• Supplied material
= = =
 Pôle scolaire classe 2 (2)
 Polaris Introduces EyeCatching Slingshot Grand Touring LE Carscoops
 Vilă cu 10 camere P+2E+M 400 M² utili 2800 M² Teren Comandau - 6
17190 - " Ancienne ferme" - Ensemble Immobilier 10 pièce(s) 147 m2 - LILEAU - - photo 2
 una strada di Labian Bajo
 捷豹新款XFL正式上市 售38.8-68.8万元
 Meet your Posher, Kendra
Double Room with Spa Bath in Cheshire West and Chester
= = =
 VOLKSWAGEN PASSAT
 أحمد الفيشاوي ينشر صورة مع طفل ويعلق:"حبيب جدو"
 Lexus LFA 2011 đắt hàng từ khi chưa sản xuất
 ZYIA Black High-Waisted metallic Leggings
= = =
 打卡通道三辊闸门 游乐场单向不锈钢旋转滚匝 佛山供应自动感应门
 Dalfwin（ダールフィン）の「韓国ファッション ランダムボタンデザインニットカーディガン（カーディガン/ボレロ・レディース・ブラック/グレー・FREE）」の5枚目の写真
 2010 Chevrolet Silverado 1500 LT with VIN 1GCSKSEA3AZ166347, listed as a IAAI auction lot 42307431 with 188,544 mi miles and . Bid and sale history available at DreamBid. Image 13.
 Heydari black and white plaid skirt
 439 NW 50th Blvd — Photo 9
= = =
• Problem statement
Will you return exactly the lines above from the one with "una strada di Labian Bajo" down to the one with "Double Room with", counting both as part of the range?

• Answer area
 una strada di Labian Bajo
 捷豹新款XFL正式上市 售38.8-68.8万元
 Meet your Posher, Kendra
Double Room with Spa Bath in Cheshire West and Chester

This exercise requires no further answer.